Our Community Food Assessment team also includes some stellar part-time staff and interns: Jake Smith (’13), Tru Campbell, and Abigail Dunbar, who are working on collecting data, doing outreach in the community, and creating layered GIS maps with meaningful information.

JFC_food_Map

And last, but not at all least, an integral part of this process is giving significant ownership to the young people we work with five times/week in the summer months – our Junior Farm Crew (JFC). From conducting vendor and customer surveys at the Ferguson Farmers Market, to brainstorming ideas for increasing traffic at the Farmers Market to doing grocery store audits throughout Ferguson, this group is becoming well-versed in the process of data-driven community change. We began our summer by creating a food map of Ferguson based on where the JFC members were already aware of food production, processing, distribution, consumption, and waste management happening. More recently, they’ve been investigating the availability of 80+ basic grocery store items, including whether or not there were organic or locally-produced versions available, at Ferguson-area food stores using a ‘grocery store audit’ tool. By engaging some of the youngest EarthDance team members in the Community Food Assessment, we’re hoping to inspire new ways of thinking about our community and how we can make it a better place to eat – for everyone.
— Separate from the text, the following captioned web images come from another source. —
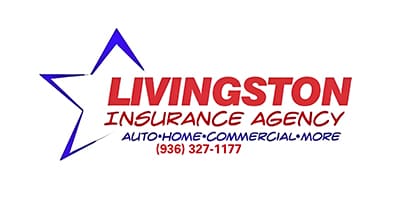 Image of Livingston Insurance Agency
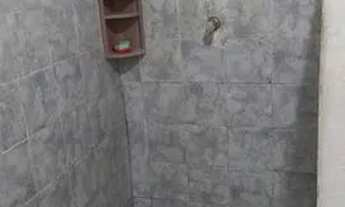 Imagem 5: Casa a venda em mandacaru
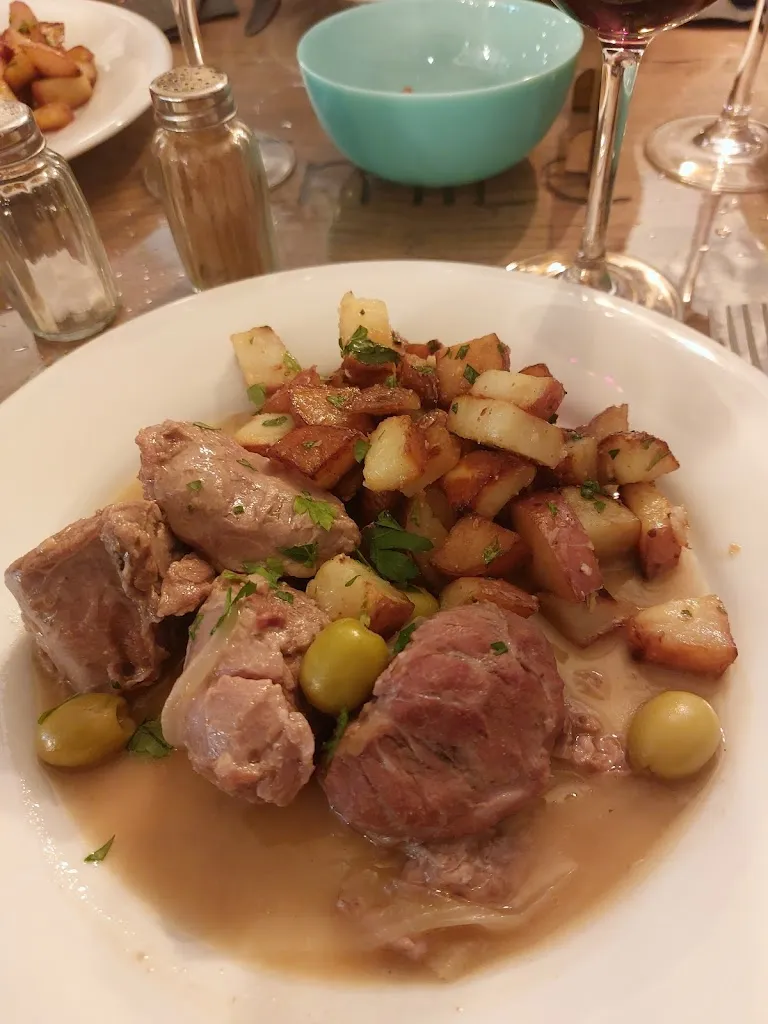 Menu_Le Cartel à Mémé_Pont-à-Mousson_image_7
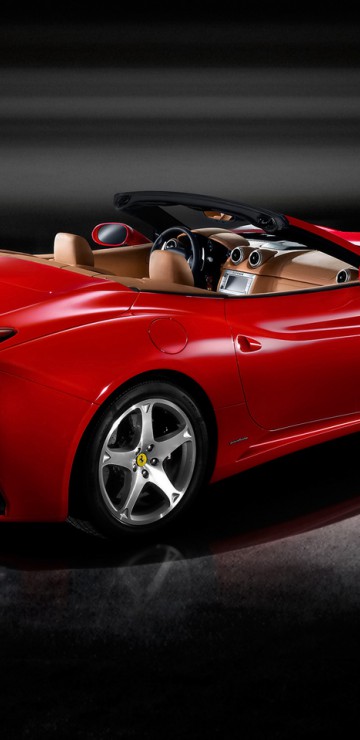 2009 Ferrari California 1280x960_03.jpg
grocery store audit Danyelle and Taliyah

If you live in Ferguson, and would like to take our 15-minute online household survey, we’d love to get your input! The first 200 Ferguson residents to complete the survey will receive $5 in market bucks to spend at the Ferguson Farmers Market this year!

The question you might have for us is: “What will you do with the assessment results?” We will be writing these up in a report, sharing our findings with everyone interested at a community potluck on Saturday, September 17th, and asking our Junior Farm Crew, staff, Board, and Advisory Committee members, “Now that we know this, what is most important for us to work on next?”